The end of Chapter 8, when Gwendolyn arrives, is the kind of surprise that reminded me of Vaughan's Y: The Last Man, but in some ways there the similarities stop. Y: The Last Man was much sharper, plot-wise -- this is the collection when the astronauts return to Earth, this is the one where the journalist is following Yorick -- and each Y volume had a distinct name.
In contrast, a good amount of Saga Vol. 2 is spent on Marko recovering their lost babysitter Isabel (more a device to show Marko's relationship with his mother than any real storyline), and only at the very end do they arrive at the planet they set out for in the last collection. Neither Saga nor Y's approach is wrong per se, but it's striking just how far the construction of these books differ from one another.
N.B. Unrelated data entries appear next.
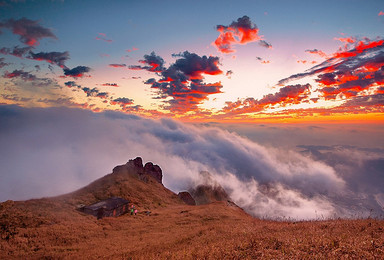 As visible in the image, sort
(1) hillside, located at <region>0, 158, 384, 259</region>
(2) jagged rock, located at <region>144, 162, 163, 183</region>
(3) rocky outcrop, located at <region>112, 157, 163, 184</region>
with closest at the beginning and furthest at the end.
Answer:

Fiona Staples drew majestically lush landscapes and engaging grunge ghosts in the last volume, but she outdoes herself here. Certainly the giant monster with the giant testicles is something to behold -- if you can stand it, study just how many details went into that image, from the wispy hairs to the clumpy debris -- but I was even more taken by the Sextillion guards in The Will's dream in Chapter 9. They have eyes on their chests and tongues for their bellybuttons! We haven't seen aliens like this -- truly alien -- in a long time, and that's even before the tentacle-faced goons, the witches with upside-down heads, and the three-eyed giant space baby. Staples sets her own bar high in this volume -- can she possibly top it in the next?
I don't wish "something would happen" in Saga -- rather, I'm kind of enthralled with the book's slow pace, like watching a high-wire act -- but I suspect it can't last. It seems inevitable that the next volume's confrontation between Marko, Alana, and Prince IV must be a taut, action-packed firefight -- though the fact that Vaughan has set it up that way equally leads me to suspect the next chapter might defy those expectations. Either way, Saga, Vol. 2 is more of the same great stuff, and now that I'm caught up, I'm waiting for the third volume with the rest of you.
[Includes a variant cover, book plate images, and a sketch.]